Broken glass utilised in Da Lat pagoda

by Van Dat, VNS, Mar 9, 2010

Da Lat, Vietnam -- Tourists to the flower city of Da Lat are fond of the beauty of French-styled architecture of more than 2,000 villas, many of which nestle among the mountain pines. Huge numbers of pagodas located around the city presents tourists with a different oriental style of design.

<< Recycle and reuse: The main hall of the terra cotta in Linh Phuoc pagoda is covered in glass and ceramic tiles. — VNS Photos Van Dat

The friendly staff at my hotel suggested that I take a railway trip on an old locomotive to Trai Mat, around eight kilometres from the city, to visit the colourful Linh Phuoc Pagoda.

Unfortunately when I got to the station there were only a few backpackers who wanted to buy tickets and the train wouldn't operate with less than ten passengers. Instead of waiting, I rode my motorbike north to Trai Mat. The 30-minute ride took me through incredibly scenic mountain passes on the way to the pagoda.

The chilly wind of the Tay Nguyen (Central Highlands) city added to the adventure of visiting a sacred place of worship with its unique architecture.

The pagoda is not huge but its seven-storey tower decorated with pieces of terra cotta is eye-catching. Stepping into the tower, I met a monk standing next to the 4.3m tall Great Bell that weighs 8,500kg and was cast in 1999.

She said before visitors can climb the tower, they must strike the bell three times. Once this was done, I was able to climb the many stairs to the top and take in the amazing view.

Tourists are always advised to write their wishes on a piece of yellow paper, stick the piece of paper onto the bell and then chime the bell three times to send their prayers to Buddha. This is a sacred experience that should not be missed in the pagoda.

Monks in the pagoda said the tower was hallowed. Early last year, thousands of Buddhists followers and monks from around Da Lat gathered in front of it to see a halo of Buddha shining on its top.

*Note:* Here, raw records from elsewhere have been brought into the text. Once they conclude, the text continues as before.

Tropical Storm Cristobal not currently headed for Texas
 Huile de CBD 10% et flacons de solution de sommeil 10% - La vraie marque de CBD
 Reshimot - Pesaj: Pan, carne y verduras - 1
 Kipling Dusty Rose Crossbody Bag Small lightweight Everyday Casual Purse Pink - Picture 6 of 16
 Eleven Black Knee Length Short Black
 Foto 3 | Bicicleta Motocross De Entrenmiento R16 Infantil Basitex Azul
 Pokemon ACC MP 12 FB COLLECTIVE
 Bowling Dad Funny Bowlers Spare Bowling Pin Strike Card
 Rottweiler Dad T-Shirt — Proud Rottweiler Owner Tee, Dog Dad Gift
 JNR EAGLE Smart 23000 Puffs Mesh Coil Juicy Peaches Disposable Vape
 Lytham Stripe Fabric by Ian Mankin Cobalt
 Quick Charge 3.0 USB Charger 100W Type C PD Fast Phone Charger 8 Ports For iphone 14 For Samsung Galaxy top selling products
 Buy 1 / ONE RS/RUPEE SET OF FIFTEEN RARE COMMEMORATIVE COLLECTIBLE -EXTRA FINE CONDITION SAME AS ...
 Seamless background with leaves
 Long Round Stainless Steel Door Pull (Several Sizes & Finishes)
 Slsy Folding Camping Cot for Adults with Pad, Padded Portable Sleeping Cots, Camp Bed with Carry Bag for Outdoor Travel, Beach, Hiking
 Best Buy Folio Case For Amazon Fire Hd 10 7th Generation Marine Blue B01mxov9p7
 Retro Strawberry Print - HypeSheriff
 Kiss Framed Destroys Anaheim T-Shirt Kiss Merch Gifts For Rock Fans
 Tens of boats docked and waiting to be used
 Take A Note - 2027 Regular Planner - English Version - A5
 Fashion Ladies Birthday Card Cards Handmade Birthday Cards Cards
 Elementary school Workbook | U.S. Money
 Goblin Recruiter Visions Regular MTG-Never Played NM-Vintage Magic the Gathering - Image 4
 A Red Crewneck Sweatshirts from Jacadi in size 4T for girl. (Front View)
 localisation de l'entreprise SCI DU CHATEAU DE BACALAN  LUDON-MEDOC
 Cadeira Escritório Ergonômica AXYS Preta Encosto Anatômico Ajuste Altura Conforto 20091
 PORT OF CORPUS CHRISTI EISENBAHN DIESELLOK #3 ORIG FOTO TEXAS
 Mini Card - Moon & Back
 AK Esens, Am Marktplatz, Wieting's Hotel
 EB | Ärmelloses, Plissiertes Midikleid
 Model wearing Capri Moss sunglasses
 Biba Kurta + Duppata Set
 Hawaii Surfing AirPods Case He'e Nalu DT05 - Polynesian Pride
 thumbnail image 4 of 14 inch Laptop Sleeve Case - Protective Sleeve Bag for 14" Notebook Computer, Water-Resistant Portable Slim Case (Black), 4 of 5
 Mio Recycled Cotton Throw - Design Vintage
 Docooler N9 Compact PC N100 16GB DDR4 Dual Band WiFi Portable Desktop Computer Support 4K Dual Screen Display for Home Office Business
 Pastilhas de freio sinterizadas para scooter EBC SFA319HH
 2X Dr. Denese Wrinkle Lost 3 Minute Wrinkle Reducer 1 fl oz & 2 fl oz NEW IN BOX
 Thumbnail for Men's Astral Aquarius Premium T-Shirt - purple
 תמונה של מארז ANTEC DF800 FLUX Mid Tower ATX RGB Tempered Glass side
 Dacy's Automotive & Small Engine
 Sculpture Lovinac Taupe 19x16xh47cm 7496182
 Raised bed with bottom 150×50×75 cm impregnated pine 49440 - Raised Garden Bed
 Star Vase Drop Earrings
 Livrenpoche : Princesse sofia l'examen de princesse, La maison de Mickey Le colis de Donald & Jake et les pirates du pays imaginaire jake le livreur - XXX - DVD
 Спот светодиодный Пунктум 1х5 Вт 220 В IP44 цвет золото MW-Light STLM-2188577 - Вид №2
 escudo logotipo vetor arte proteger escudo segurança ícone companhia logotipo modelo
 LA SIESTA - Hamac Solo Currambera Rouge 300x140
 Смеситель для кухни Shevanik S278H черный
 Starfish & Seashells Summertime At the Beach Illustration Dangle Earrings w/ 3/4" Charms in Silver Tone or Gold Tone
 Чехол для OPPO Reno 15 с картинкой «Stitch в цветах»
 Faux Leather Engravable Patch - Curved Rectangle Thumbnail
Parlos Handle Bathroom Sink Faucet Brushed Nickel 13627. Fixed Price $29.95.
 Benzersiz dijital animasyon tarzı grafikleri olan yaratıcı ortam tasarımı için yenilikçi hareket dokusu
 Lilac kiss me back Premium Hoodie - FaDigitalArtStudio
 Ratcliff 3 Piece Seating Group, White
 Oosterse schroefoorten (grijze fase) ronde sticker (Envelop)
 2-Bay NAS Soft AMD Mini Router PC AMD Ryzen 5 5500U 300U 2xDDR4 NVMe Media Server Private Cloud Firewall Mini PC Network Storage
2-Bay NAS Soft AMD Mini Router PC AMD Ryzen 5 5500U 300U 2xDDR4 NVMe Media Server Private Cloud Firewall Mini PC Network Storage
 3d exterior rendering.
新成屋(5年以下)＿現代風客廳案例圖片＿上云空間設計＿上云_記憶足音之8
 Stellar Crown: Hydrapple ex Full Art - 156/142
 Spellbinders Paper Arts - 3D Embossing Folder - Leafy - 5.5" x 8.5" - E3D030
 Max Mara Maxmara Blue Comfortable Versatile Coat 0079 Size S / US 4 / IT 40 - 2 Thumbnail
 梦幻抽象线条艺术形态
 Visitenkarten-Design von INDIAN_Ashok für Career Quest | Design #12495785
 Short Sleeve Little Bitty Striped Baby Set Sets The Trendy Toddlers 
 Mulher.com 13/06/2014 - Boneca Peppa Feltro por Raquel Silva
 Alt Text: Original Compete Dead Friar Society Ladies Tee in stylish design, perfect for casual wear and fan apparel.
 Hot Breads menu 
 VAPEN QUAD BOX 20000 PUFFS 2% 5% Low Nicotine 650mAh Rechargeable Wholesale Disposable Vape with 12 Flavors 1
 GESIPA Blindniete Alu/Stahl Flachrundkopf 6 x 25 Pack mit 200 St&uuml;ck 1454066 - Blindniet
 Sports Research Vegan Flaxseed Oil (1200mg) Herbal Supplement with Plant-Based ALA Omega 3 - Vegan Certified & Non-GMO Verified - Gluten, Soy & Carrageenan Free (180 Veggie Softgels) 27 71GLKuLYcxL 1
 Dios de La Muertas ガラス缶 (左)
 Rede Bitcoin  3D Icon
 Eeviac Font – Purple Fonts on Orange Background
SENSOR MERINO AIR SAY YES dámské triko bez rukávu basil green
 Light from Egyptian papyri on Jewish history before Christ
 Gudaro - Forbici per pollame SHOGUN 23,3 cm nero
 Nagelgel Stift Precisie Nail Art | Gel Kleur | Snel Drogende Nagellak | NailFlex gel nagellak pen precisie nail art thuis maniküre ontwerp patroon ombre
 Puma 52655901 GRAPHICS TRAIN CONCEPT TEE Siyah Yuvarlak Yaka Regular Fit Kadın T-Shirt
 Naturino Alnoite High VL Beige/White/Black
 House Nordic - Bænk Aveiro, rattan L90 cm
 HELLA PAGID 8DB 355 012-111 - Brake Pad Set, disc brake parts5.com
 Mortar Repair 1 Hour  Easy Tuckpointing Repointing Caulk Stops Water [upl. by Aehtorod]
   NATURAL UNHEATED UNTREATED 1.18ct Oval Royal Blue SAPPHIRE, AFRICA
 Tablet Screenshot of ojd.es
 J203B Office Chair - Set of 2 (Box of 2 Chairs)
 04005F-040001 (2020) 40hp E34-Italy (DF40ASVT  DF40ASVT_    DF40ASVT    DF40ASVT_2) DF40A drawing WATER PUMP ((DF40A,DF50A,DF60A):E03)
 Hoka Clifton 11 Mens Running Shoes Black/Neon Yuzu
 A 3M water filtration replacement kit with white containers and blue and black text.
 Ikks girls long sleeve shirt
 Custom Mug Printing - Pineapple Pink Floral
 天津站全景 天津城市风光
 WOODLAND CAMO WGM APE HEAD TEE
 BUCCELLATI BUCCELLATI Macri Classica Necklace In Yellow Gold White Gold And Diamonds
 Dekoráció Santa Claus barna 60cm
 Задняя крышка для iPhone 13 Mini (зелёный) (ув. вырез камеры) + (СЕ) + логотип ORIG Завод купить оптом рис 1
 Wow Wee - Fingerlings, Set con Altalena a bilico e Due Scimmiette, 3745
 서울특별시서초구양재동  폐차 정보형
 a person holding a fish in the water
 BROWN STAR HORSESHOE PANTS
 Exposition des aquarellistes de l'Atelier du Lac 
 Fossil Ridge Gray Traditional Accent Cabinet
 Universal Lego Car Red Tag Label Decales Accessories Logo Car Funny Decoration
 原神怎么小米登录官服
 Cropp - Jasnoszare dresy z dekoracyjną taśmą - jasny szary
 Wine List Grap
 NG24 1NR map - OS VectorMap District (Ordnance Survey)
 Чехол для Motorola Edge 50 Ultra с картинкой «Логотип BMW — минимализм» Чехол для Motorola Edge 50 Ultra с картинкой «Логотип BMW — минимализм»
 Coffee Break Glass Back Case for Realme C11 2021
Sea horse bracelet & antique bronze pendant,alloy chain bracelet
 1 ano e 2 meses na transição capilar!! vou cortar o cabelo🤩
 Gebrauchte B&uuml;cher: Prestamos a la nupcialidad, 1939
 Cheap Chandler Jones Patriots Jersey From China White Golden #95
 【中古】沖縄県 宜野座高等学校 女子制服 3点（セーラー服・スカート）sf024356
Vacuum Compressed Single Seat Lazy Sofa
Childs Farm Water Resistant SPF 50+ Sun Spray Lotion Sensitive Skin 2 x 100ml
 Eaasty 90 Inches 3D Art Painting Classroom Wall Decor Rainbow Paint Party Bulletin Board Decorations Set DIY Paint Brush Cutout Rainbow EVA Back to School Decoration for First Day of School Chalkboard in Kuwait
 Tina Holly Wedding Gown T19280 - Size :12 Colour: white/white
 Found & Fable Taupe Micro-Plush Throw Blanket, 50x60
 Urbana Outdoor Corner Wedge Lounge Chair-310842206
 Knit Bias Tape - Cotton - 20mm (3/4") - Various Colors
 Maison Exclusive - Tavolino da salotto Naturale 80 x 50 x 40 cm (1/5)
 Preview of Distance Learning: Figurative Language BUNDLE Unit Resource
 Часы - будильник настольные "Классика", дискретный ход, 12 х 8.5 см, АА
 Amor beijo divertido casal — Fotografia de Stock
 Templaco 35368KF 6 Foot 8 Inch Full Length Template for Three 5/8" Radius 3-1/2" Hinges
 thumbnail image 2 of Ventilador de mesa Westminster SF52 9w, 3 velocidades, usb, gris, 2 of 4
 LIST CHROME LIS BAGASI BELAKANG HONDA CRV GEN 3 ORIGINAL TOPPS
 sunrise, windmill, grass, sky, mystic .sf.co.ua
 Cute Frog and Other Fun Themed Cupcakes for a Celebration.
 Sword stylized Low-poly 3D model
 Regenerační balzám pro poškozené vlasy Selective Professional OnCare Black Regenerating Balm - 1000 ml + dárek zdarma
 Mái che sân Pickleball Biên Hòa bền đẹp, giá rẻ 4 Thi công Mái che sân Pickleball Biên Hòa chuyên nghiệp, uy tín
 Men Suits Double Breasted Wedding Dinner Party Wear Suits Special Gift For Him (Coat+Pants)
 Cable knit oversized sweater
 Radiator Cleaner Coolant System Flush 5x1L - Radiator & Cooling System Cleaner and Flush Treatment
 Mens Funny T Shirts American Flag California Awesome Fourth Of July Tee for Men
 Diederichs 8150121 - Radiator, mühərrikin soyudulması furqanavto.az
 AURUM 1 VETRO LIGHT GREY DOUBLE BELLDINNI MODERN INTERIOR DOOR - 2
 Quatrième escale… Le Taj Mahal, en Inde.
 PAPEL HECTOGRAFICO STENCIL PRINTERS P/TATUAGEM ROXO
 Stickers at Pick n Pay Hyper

Stepping out of Da Bao Tower, I was impressed with the painstaking work that had gone into its construction, with uncountable small tiles made from broken pieces of porcelain and beer bottles covering the walls, ceilings, pillars, dragons, kylins and Buddha's. The millions of special tiles earned the pagoda the nickname, Ve Chai, which literally means "pieces of broken glass bottles".

It is almost impossible to find a piece of the pagoda which is not adorned with a piece of broken terracotta and glass.

On either side of the tower are dragons, which are also done, in the same style of mosaic, both telling the story of Buddha.

The main sanctuary of the pagoda is 33m long and 12m wide. In the inner hall are two rows of columns also inlaid with broken glass and pottery. The statue of Buddha Sakyamuni is made of concrete and gilded with golden powder.

Over the two rows of columns in the main hall are mosaic pictures describing Buddha's history and a 49m dragon. The dragon scales are made of 12,000 empty beer bottles. The whole site is a work of art.

On the first floor of the main sanctuary, there is a room to worship 108 Buddhas with one thousand arms and one thousand eyes.

Construction of the original Linh Phuoc Pagoda began in 1949 and was completed in 1952. In 1990, the pagoda was reconstructed under the supervision of the fifth Abbot, the Most Venerable Thich Tam Vi.

The reconstruction was implemented thanks to Buddhists' donations from all corners of the country. The finished structure, featuring a huge golden Buddha in the main hall, was a fantasy land of East-Asian colour and glass and ceramic mosaics.

Every year, tourists and Buddhists from all over Viet Nam and the world visit the pagoda to see its unique mosaics and to pray.

Linh Phuoc Pagoda is one of many pagodas in Da Lat along with Linh Son Pagoda, Linh Quang Pagoda, Linh Phong Pagoda, Thien Vuong Co Sat Pagoda, Truc Lam Zen Buddhist, and Van Hanh Zen Monastery.